* THE PROBLEM
Take the line containing "Singularities In Geometry" and each line after it through the end of the data below, and return them exactly, minus any pictures.

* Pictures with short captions

#####

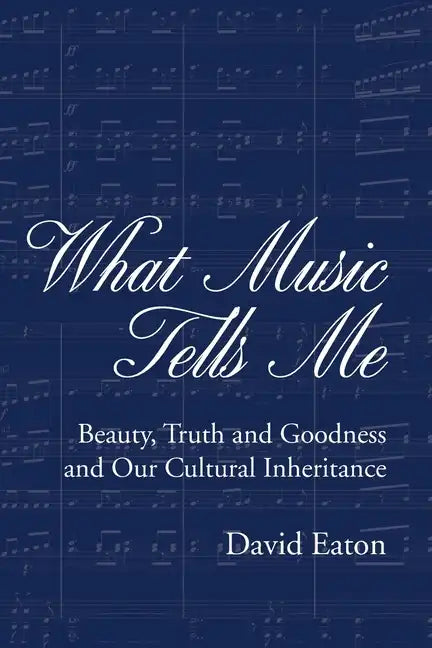 What Music Tells Me: Beauty, Truth and Goodness and Our Cultural Inheritance - Paperback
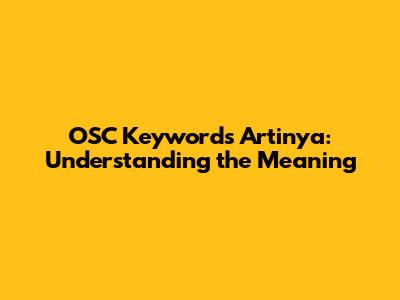 OSC Keywords Artinya: Understanding the Meaning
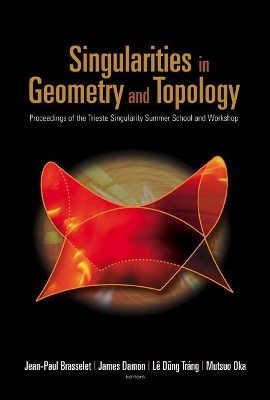 Singularities In Geometry And Topology - Proceedings Of The Trieste Singularity Summer School And Workshop book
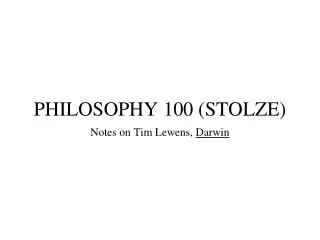 PHILOSOPHY 100 (STOLZE)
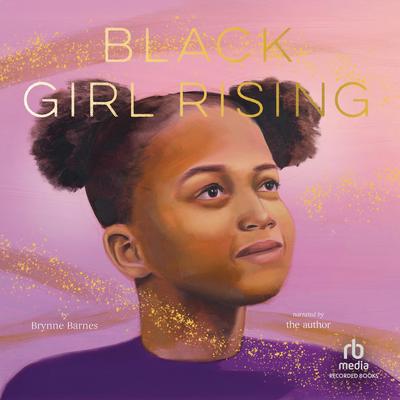 Black Girl Rising by Brynne Barnes audiobook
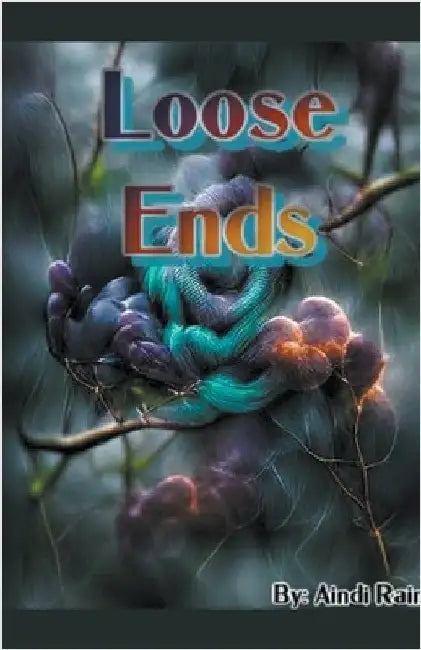 Loose Ends by Aindi Rain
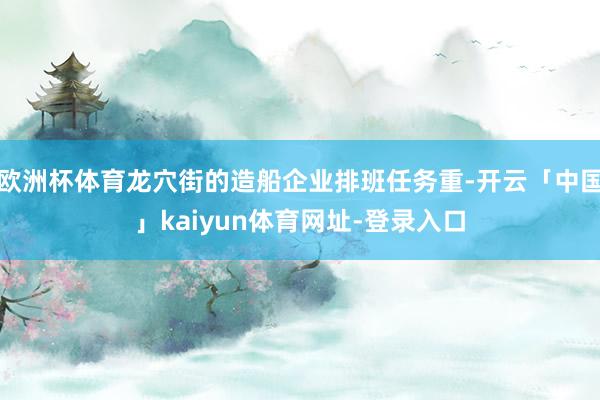 欧洲杯体育龙穴街的造船企业排班任务重-开云「中国」kaiyun体育网址-登录入口
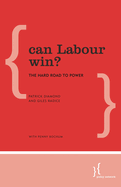 Can Labour Win?: The Hard Road to Power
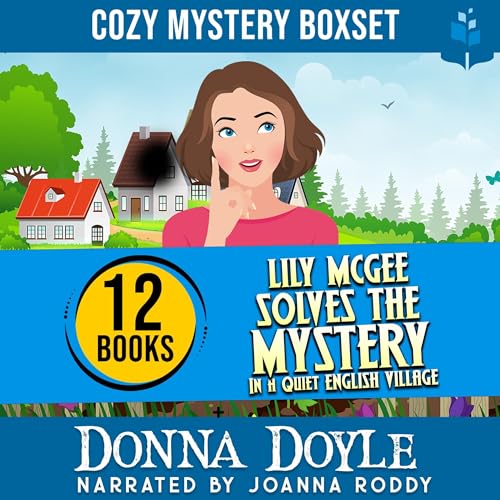 Lily McGee Solves the Mystery in a Quiet English Village: 12 Book Cozy Mystery Boxset By Donna Doyle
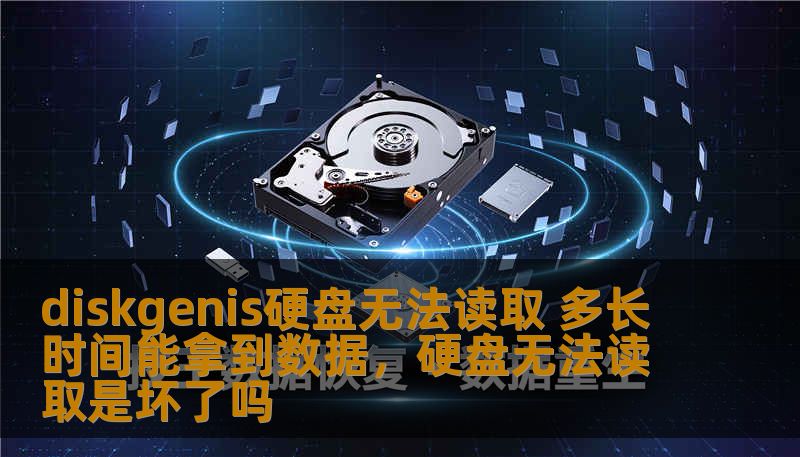 diskgenis硬盘无法读取 多长时间能拿到数据，硬盘无法读取是坏了吗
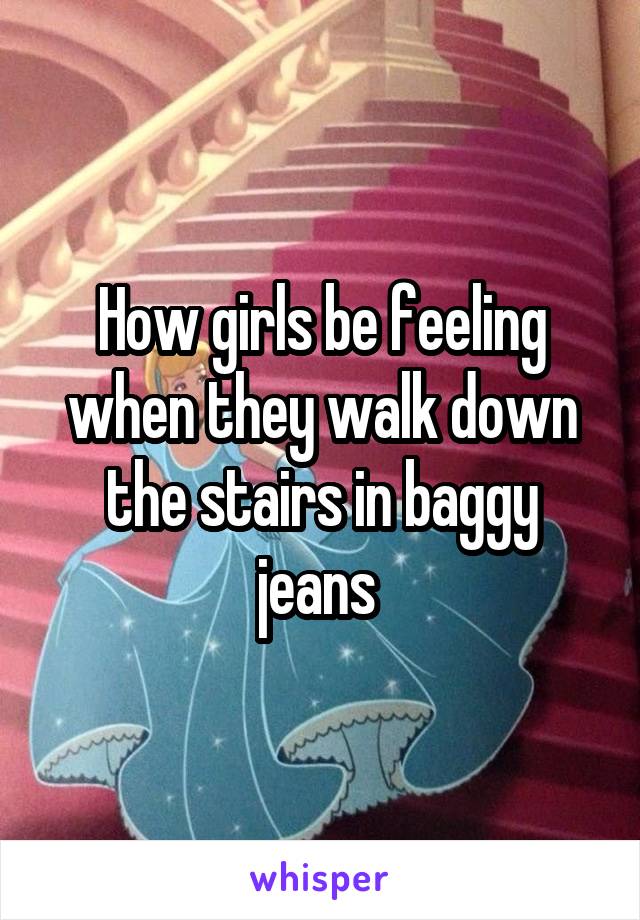 How girls be feeling when they walk down the stairs in baggy jeans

#####

* OUTPUT BELOW
 Singularities In Geometry And Topology - Proceedings Of The Trieste Singularity Summer School And Workshop book
 PHILOSOPHY 100 (STOLZE)
 Black Girl Rising by Brynne Barnes audiobook
 Loose Ends by Aindi Rain
 欧洲杯体育龙穴街的造船企业排班任务重-开云「中国」kaiyun体育网址-登录入口
 Can Labour Win?: The Hard Road to Power
 Lily McGee Solves the Mystery in a Quiet English Village: 12 Book Cozy Mystery Boxset By Donna Doyle
 diskgenis硬盘无法读取 多长时间能拿到数据，硬盘无法读取是坏了吗
 How girls be feeling when they walk down the stairs in baggy jeans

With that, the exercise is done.